*** Material for this exercise
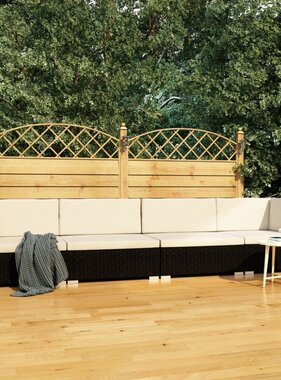 VidaXL 4-delige Loungeset met kussens poly rattan zwart
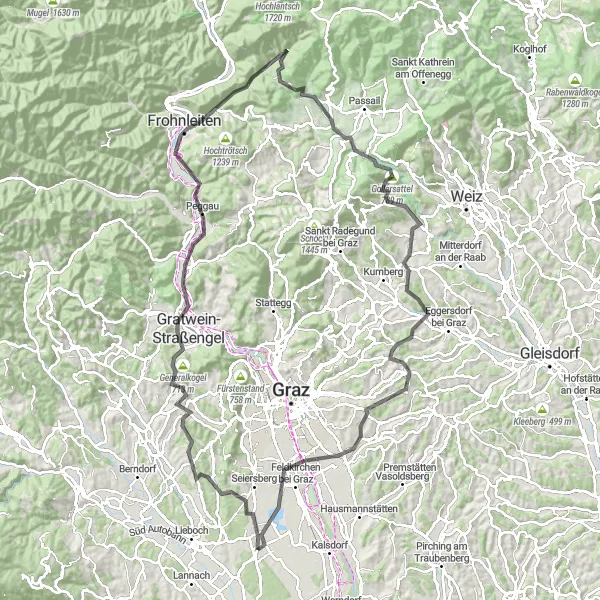 Miniaturní mapa "Kolařský okruh k Pirce" inspirace pro cyklisty v oblasti Steiermark, Austria. Vytvořeno pomocí plánovače tras Tarmacs.app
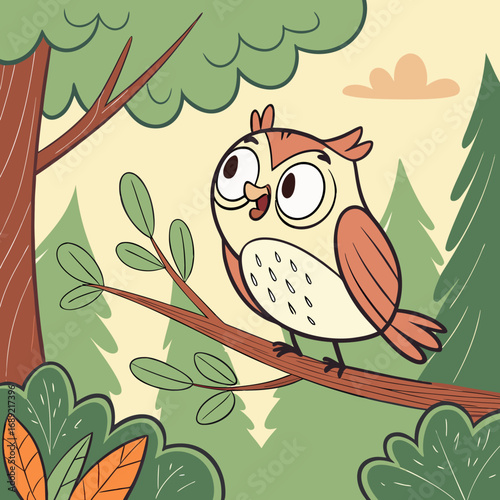 Cute cartoon owl perched on a tree branch in a whimsical forest setting with soft colors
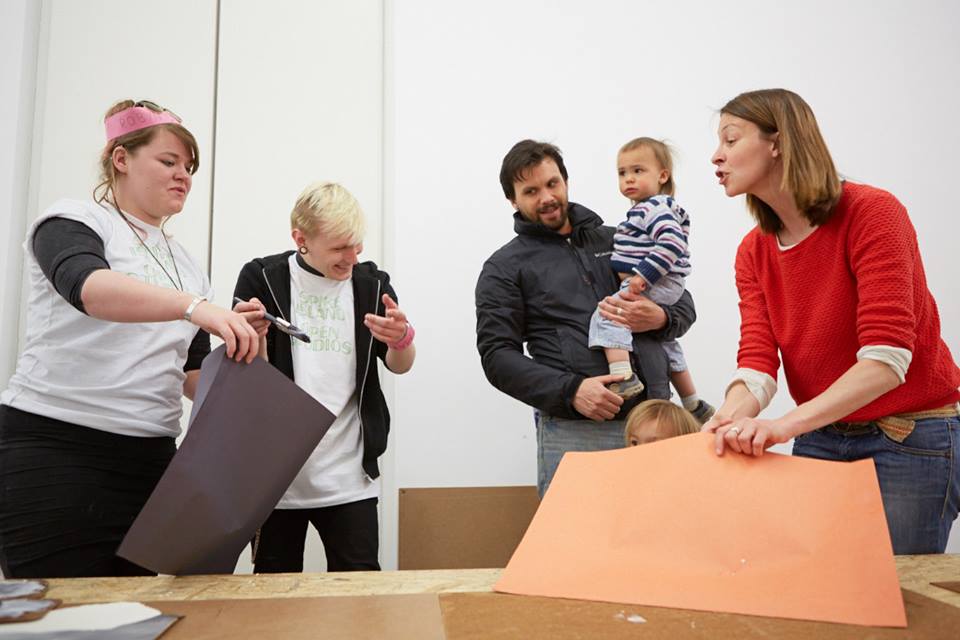 Family workshop: Production Playground, with artist Michael Beutler during Open Studios 2016.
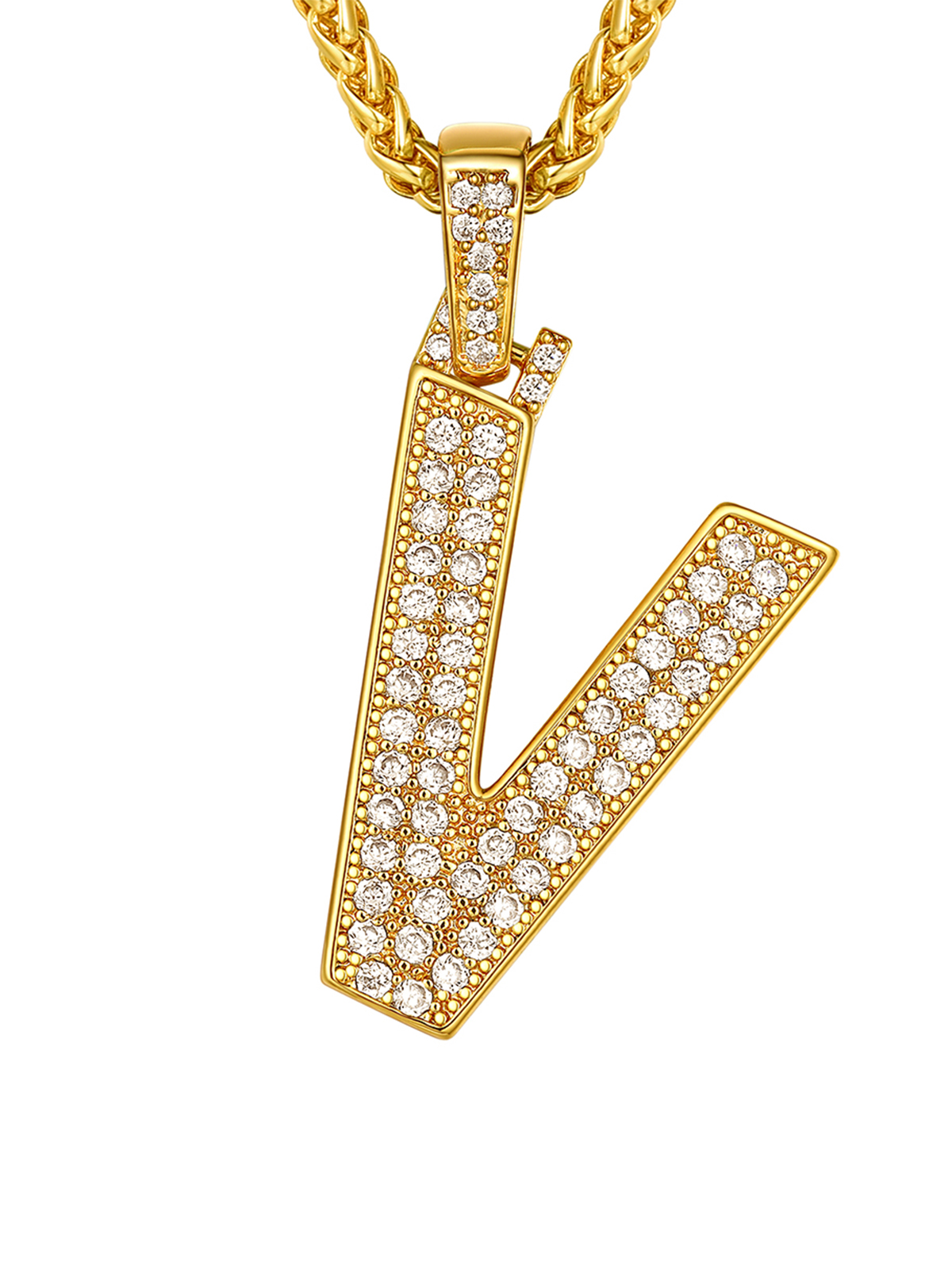 Initial Necklace Iced Out Pendant with CZ in 18K Gold Plated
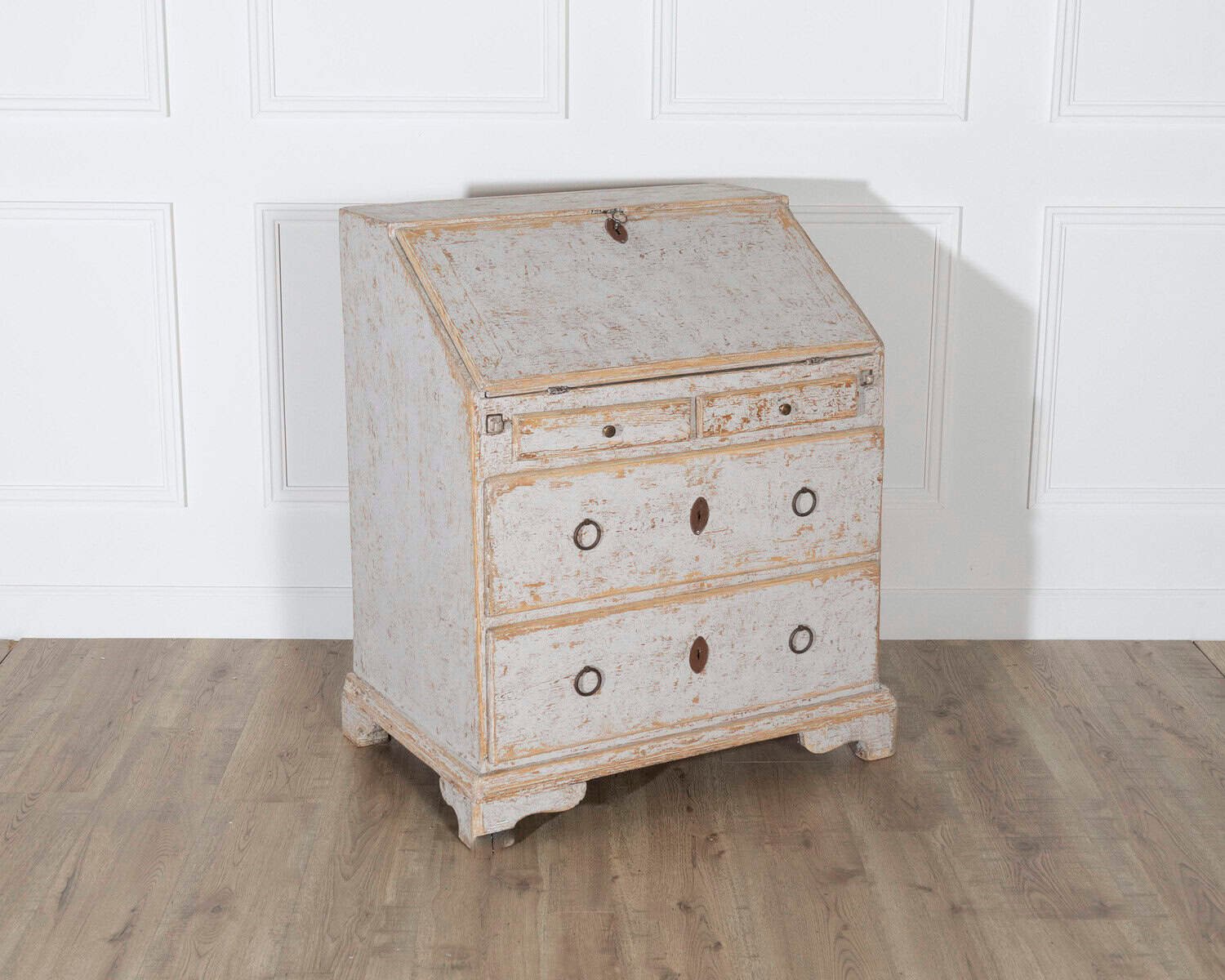 18th Century Swedish Slant Front Desk, Circa 1780, in Soft Grey Paint - JAA
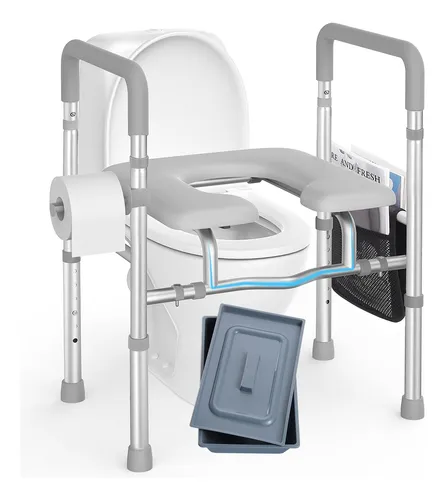 Asiento De Inodoro Elevado Con Asas 180 Kg Ajustable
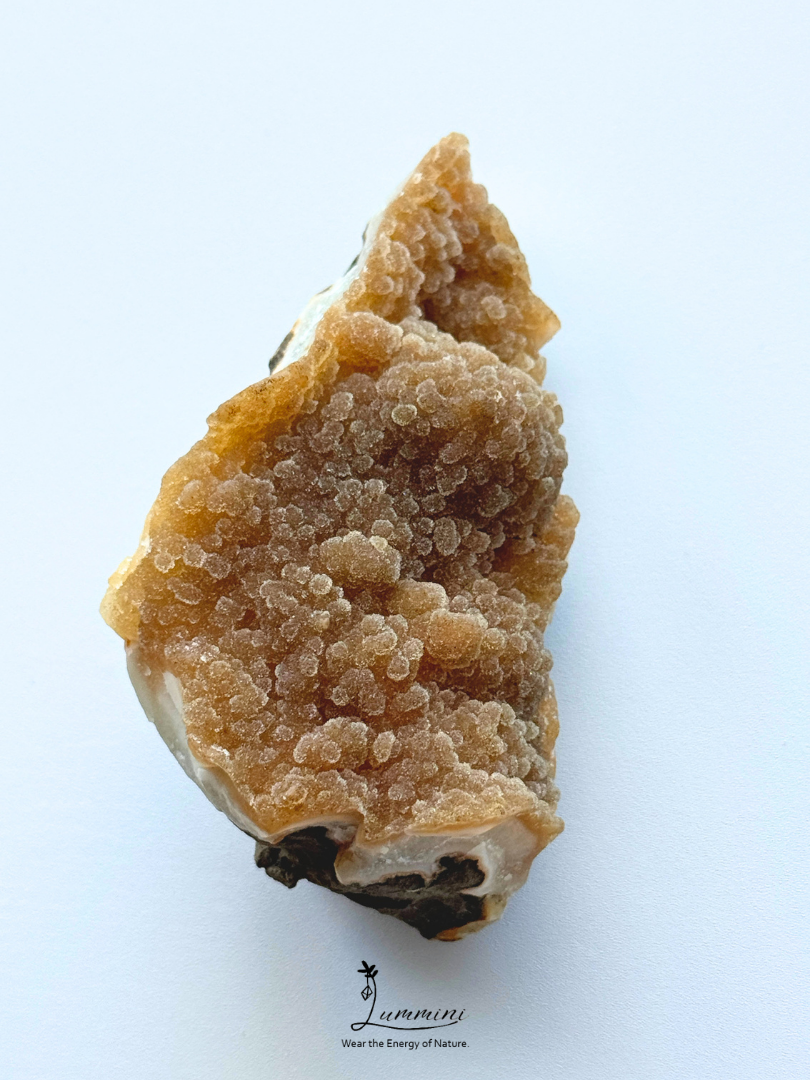 Natural Honey Botryoidal Druzy Quartz on Agate Matrix – 175g, 90mm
******
*Problem to solve*. Starting at the line that contains "Asiento De Inodoro", please write out every line to the end of the entries, inclusive, copied exactly and with pictures omitted.

*Answer to the exercise*.
 Asiento De Inodoro Elevado Con Asas 180 Kg Ajustable
 Natural Honey Botryoidal Druzy Quartz on Agate Matrix – 175g, 90mm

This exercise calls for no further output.